WORK REQUIRED:
Your answer should hold exactly the lines below from the line with "der überdimensionale Weihnachtsbaum" through the line with "Weihnachtsstimmung: NEIN !!", both included, and no pictures at all.

SUPPLIED INFORMATION:
━━━━
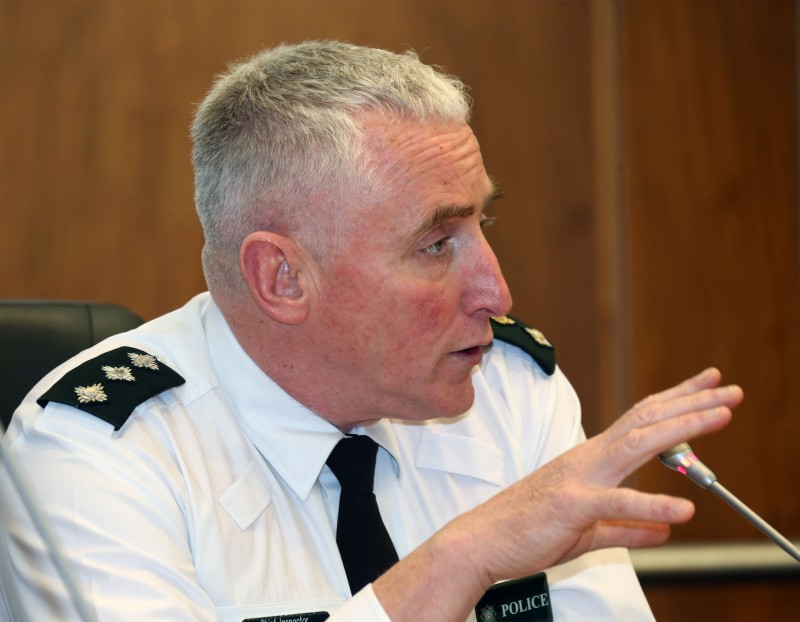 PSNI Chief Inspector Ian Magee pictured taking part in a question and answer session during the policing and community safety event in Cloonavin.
━━━━
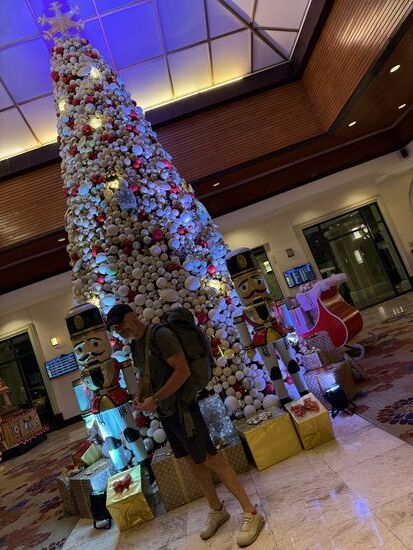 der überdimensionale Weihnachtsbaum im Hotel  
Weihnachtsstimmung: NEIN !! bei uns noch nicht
━━━━
TASK OUTPUT:
 der überdimensionale Weihnachtsbaum im Hotel  
Weihnachtsstimmung: NEIN !! bei uns noch nicht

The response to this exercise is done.